──────── INFORMATION SHOWN ────────
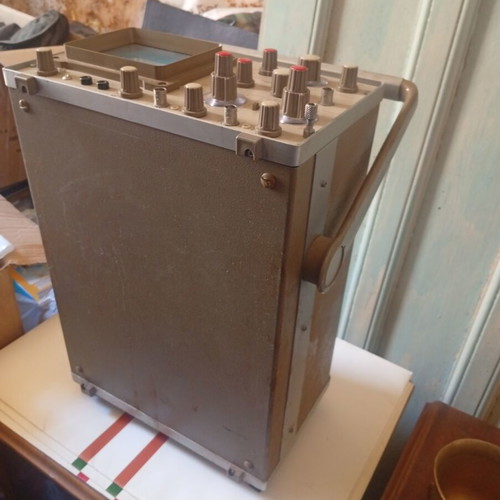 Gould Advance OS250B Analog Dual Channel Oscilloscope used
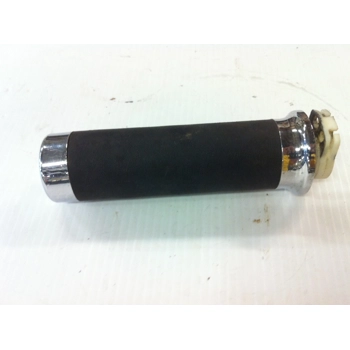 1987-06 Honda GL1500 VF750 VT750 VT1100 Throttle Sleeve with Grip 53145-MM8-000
────────
──────── INFORMATION SHOWN ────────
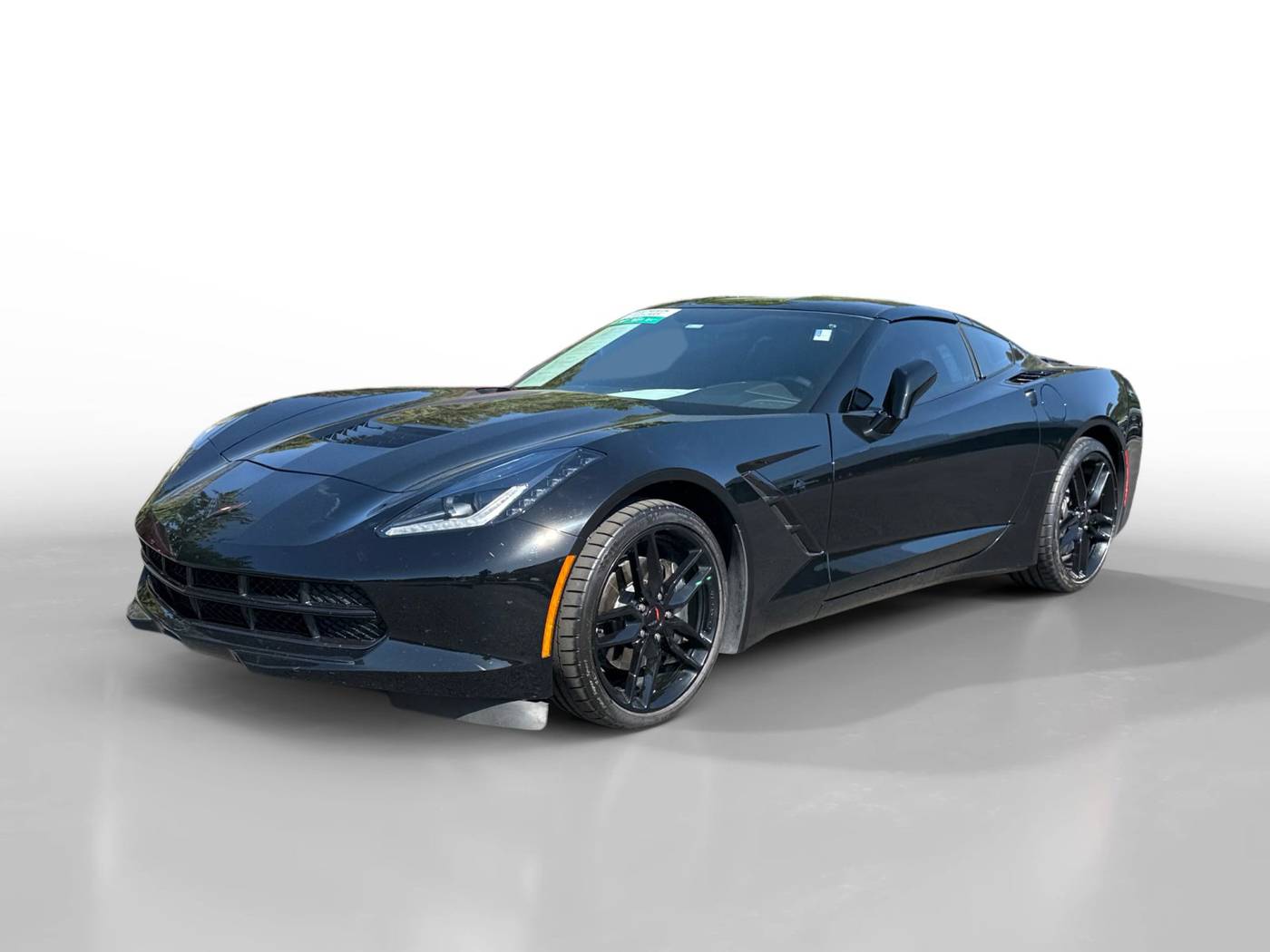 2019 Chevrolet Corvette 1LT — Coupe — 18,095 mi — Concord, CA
────────
──────── INFORMATION SHOWN ────────
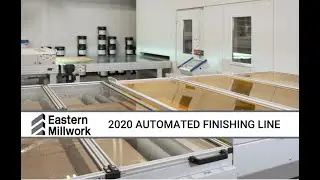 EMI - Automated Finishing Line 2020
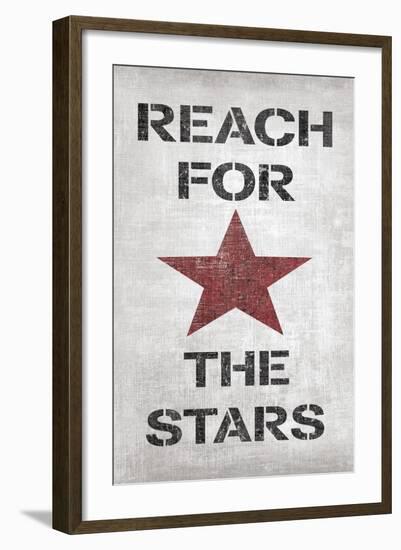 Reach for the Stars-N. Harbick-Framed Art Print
────────
• **EXERCISE DETAILS**
Would you give again, exactly, the lines in the data above that run from the line containing "EMI - Automated Finishing Line 2020" to the line containing "Reach for the"? Include both ends and no pictures.

• **RESULT OF THIS EXERCISE**
 EMI - Automated Finishing Line 2020
 Reach for the Stars-N. Harbick-Framed Art Print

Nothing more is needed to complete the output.